Set the population cap to 50. Small comfy forts are better anyway.

Just keep your dwarf-count around 200 and you'll be fine.

Play it on my shit i5 and Itzel hd laptop and never ran into a real issue

LMAO 2CAT!!!

>played autism sandboxes for thousands of hours
>most of the times past wathever content they could offer realistically
>still can't get past the ascii
It's not fair bros, why was I born a brainlet?

Attached: 1476796601175.png (1587x1600, 1.13M)

Just get a texture pack retard, if 5 minutes of effort is keeping you from playing one of the best games of the century then you're a dummy

Just use the noob launcher and a tileset.

ascii is a meme just get a tileset.

It's inevitable for any successful fort, unless you try some of the intervention mentioned ITT.

Attached: 1342165421642514.jpg (600x428, 27K)

I've heard 200 dwarf limit 10 years ago, surely modern CPUs would allow more by now?

The game can only use a set number of cores, so it's literally never going to get better unless toady rewrites all of the code.

If you're dwarfy in the least, your dwarves will kill one another before the fps does.

>play comfy fort
>suddenly fps plummets below 10 shortly after breaching the caverns
>nothing i do fixes it
>do reveal, check cavern pops etc...
>everything is normal
>see unmoving cat in front of a forbidden door
>unforbid the door
>cat immedietly rushes trough and fps goes up to 100

200 dwarves is just a good general guideline, not some precise metric that's revisited every year after a battery of benchmarking has been done on a variety of hardware.

Modern CPUs have moved towards multiple cores that can work together well. But DF doesn't make good use of multi-threading, so that progress doesn't make much difference.

And as said, eventually slowdowns become inevitable (regardless of your system), as the number of things to track and handle become more and more of a burden. That's part of why Losing is Fun, because long term success eventually becomes stagnant and boring and slow.

Personally, I'd limit yourself to 100 early on; you can always increase the limit later on if you feel that you really need more dwarves.

How long do you think the big wait will last?

Attached: Dwarf Fortress.gif (682x711, 203K)

Can you not tell what's going on in this tavern?

Attached: The Lanturn of Manors.png (797x598, 44K)

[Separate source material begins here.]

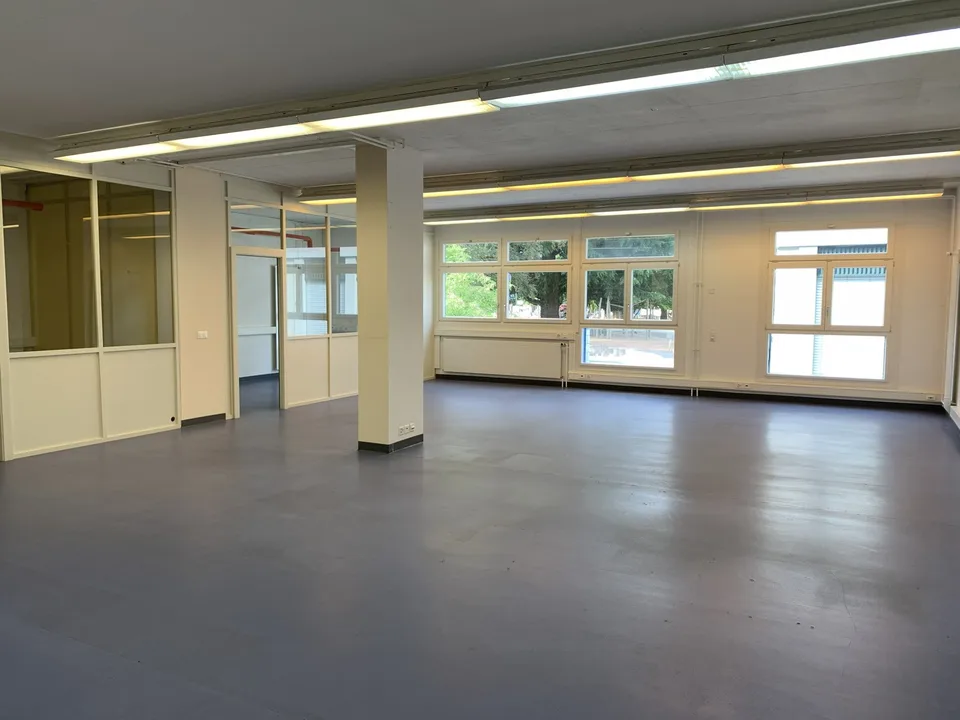 La Tour-de-Peilz, im Gebäude mit der Post - Büroräume im Erdgeschoss – Foto 12 von 18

If you use DFHack theres tools to automatically remove excess irrelevant shit like the dust on dwarves eyelashes or whatever
Also you can create a trash dumping zone under a raised bridge and then lower it to instantly remove all the trash from existence

1. fuck off cazzie, get a custom tileset
2. fuck you cazzie, the ASCII graphics add charm

What tileset is that? Square ASCII?

part of it is attributed to how bad you layout your fort too. if you create lots of endless loops it uses up more cpu time for pathing. kind of sucks but if you are playing from an optimization standpoint with a cap of like 250 you start to pay more attention to how pathing will handle your designs.

That looks like a holding pit for nobles. Where's the lava switch?